### Description of the task:
Gather all lines in the entries that include the word "White".
⟨
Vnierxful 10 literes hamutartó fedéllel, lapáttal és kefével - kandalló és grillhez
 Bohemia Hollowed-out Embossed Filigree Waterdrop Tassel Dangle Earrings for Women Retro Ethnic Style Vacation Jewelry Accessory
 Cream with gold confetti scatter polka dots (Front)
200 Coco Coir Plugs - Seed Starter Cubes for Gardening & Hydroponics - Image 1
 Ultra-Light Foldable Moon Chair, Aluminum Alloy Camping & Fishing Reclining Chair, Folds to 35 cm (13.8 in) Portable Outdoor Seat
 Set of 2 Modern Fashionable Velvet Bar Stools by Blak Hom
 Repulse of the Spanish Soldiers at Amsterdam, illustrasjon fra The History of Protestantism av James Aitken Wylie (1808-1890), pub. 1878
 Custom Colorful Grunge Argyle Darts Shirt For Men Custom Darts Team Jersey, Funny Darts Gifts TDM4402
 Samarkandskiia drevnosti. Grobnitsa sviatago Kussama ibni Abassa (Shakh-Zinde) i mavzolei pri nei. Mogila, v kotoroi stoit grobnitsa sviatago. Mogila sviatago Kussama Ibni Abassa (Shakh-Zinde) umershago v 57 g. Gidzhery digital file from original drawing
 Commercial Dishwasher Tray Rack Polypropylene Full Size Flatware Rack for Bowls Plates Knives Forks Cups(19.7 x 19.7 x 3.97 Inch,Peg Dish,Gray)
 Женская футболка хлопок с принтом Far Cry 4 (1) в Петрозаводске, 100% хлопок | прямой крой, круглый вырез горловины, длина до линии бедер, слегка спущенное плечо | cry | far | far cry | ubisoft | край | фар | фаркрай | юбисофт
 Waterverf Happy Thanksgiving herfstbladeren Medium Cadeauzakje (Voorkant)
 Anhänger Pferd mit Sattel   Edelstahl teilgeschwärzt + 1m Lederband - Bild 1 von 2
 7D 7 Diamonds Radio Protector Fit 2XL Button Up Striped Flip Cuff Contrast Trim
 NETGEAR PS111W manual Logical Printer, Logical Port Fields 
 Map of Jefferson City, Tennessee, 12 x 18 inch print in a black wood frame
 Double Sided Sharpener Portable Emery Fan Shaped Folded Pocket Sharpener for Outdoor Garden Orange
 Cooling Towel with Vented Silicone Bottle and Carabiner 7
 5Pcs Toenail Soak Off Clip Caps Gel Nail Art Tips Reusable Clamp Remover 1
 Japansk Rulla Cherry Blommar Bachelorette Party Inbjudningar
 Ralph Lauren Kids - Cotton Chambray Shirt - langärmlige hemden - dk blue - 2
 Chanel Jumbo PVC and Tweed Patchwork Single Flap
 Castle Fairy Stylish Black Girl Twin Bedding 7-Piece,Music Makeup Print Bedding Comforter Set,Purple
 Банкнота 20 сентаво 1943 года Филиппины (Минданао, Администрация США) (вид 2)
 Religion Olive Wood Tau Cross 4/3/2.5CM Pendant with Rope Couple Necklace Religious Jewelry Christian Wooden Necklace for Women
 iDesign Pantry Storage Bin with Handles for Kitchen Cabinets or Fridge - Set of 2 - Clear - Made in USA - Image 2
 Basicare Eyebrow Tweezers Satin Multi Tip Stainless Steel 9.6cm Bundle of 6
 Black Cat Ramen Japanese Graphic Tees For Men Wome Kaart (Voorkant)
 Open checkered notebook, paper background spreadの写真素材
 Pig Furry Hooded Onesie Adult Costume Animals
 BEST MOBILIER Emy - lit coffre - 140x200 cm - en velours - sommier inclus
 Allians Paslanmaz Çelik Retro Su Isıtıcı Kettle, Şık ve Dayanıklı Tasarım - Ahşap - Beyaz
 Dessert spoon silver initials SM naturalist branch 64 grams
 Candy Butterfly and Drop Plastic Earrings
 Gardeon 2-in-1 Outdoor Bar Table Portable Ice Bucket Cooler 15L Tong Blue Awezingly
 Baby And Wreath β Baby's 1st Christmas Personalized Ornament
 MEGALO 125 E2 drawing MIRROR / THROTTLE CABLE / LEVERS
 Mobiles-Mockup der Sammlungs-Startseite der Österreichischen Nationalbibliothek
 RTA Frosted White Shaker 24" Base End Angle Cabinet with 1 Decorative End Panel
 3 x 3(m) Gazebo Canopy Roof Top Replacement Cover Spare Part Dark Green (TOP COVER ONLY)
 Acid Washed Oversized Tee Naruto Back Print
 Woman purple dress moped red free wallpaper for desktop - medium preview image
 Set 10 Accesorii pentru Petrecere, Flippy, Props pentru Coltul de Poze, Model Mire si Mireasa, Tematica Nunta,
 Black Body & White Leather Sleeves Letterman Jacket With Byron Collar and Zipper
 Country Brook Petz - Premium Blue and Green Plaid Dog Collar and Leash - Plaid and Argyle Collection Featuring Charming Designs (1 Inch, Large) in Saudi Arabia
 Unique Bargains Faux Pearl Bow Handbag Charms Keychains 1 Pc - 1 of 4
⟩
### Expected answer:
 RTA Frosted White Shaker 24" Base End Angle Cabinet with 1 Decorative End Panel
 Black Body & White Leather Sleeves Letterman Jacket With Byron Collar and Zipper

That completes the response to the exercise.